Maintaining the quick editing pace, Yip still utlizes the classical setup of a long establishing shot (the two combatants face each other), a medium over-the-shoulder shot-countershot (exchanging blows), and then close-ups to emphasize emotional peaks (or in this case, kicks to the solarplexus). The key to this scene is that Yip does not cut in the middle of a gesture – every blow is landed and registered, and his adherence to the classical style keeps their movements oriented in the space. The stage setting alludes to their battle as a dance, as if Hung and Yen were Rogers and Astaire. I suppose they’re fighting it out to see who will lead the next dance.

 

 

 

Astaire’s routines were always filmed in long shot, with his whole body in the frame, and Yip nods to this technique, added with the camera movement required by the more amped up standards of intensified continuity. After the classically edited setup, Yip cuts to an extreme long shot that slowly tracks in to the flailing players as they toss each other to the floor, the dust kicking up like chalk. He also finds a clever way to make Brazilian Jiu-Jitsu (based on ground submissions) look exciting. Yen flings the hefty Hung leftward to the ground, battling for the guard position. Yip, in a strikingly low angle at eye-level to the mat, tracks slowly with the duo as Yen eventually wins out and lands a series of rights. The sequence continues, and ramps up appreciably with small-scale wire work and a dramatic conclusion that wraps up one of the dramatic subplots (Hung’s nascent fatherhood). It’s a tour-de-force.

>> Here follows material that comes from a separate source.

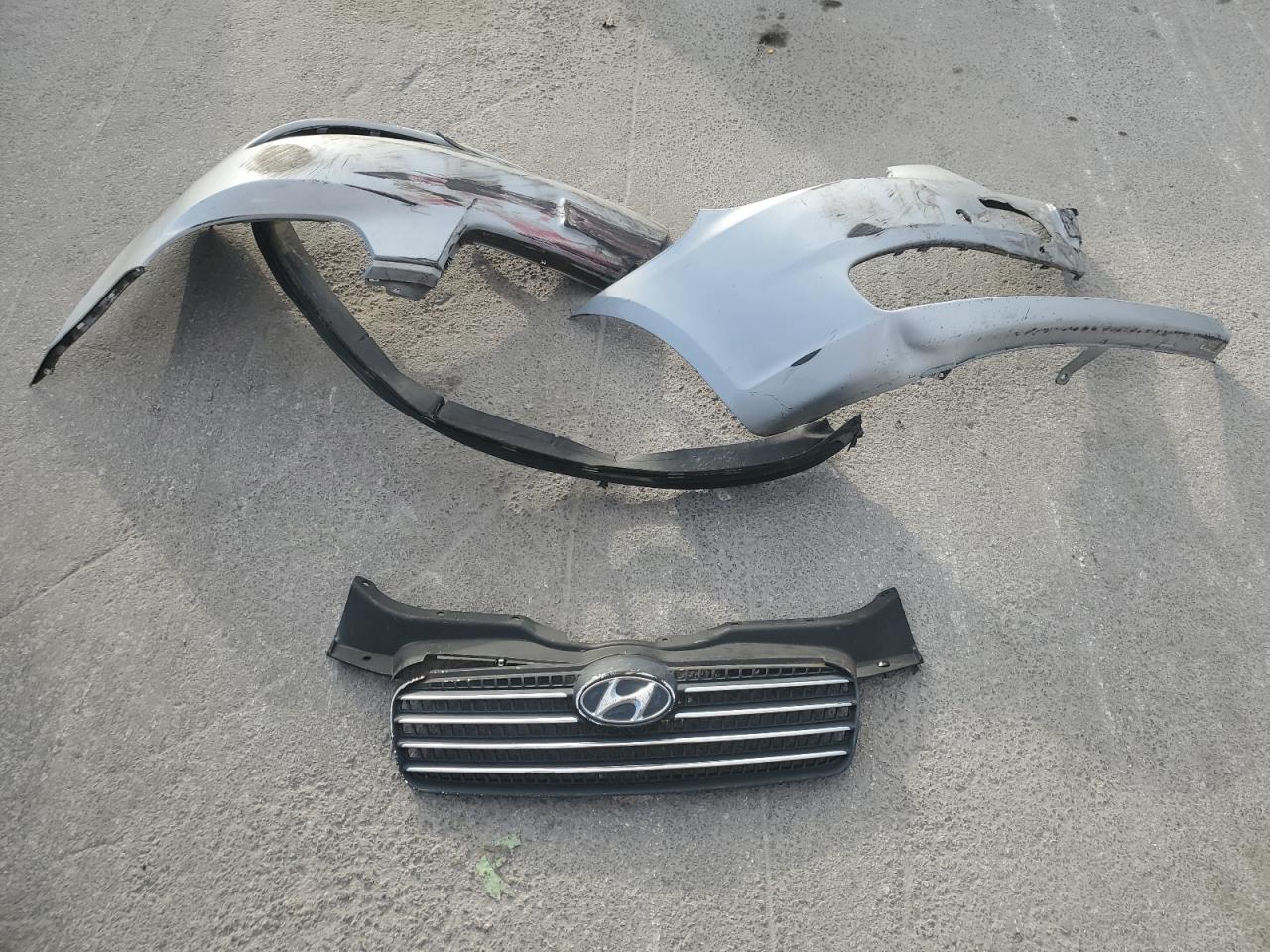 2009 Hyundai Accent - Image 12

One excuse given as to why films like Taken or the Bourne series don’t have this same kind of coherence is that the actors aren’t as physically trained as martial arts pros like Hung and Yen, and necessarily need stunt doubles, necessitating even faster cuts and less spatial coherence. However, American action films don’t necessarily have to have nuanced fighting styles – just watch the series of haymakers Gregory Peck and Charlton Heston unload on each other in The Big Country (which can be seen in the video slideshow of Dennis Lim’s excellent history of fight choreography at Slate). It’s a stylistic choice, and right now Hollywood filmmakers are making the wrong one. I was initially thrilled by the Bourne series’ propulsive energy, but the more time that passes, the more its fractured editing seems like a dodge.

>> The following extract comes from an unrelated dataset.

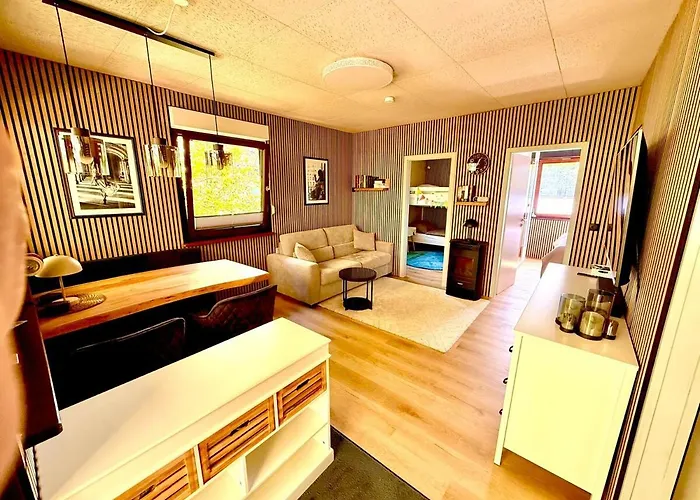 Blockhuette Im Wald In Der Eifel 度假居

Ip Man continues Yip’s pattern. This more ambitious title, an bio-pic about Grandmaster Ip Man, who trained Bruce Lee and popularized the Wing Chun style of martial arts (interestingly enough, Wong Kar-Wai’s next project is also a bio-pic about the Grandmaster). The film focuses on his life during the Occupation of China during the Second Sino-Japanese war. Grandmaster Ip Man (Donnie Yen) lives a quiet life with his family before the Japanese Imperialists destroy his small town and reduce his pals to coal miners. Ip Man then commences to beat the holy hell out of evey Japanese person in sight. Yip is not big on subtletly, and one of Japanese Genral Miura’s obsequious assistants tips over into racist stereotypes (big teeth, round glasses, into torture, etc.).

However, once more Yip brings the goods in the action sequences: crisp, elegant, and coherently orchestrated bouts of mayhem. Yen also exhibits a wider emotional range here, his stoic laid-backness tinged with regret and anger. He won’t win any awards, but it’s a solid, nuanced performance. In any case, these two works will have me work backwards into Yip’s career. Next up is Flash Point, the middleman between Kill Zone and Ip, and it promises more fluid Donnie Yen bone-breaking. Ah, the neverending riches of cinema.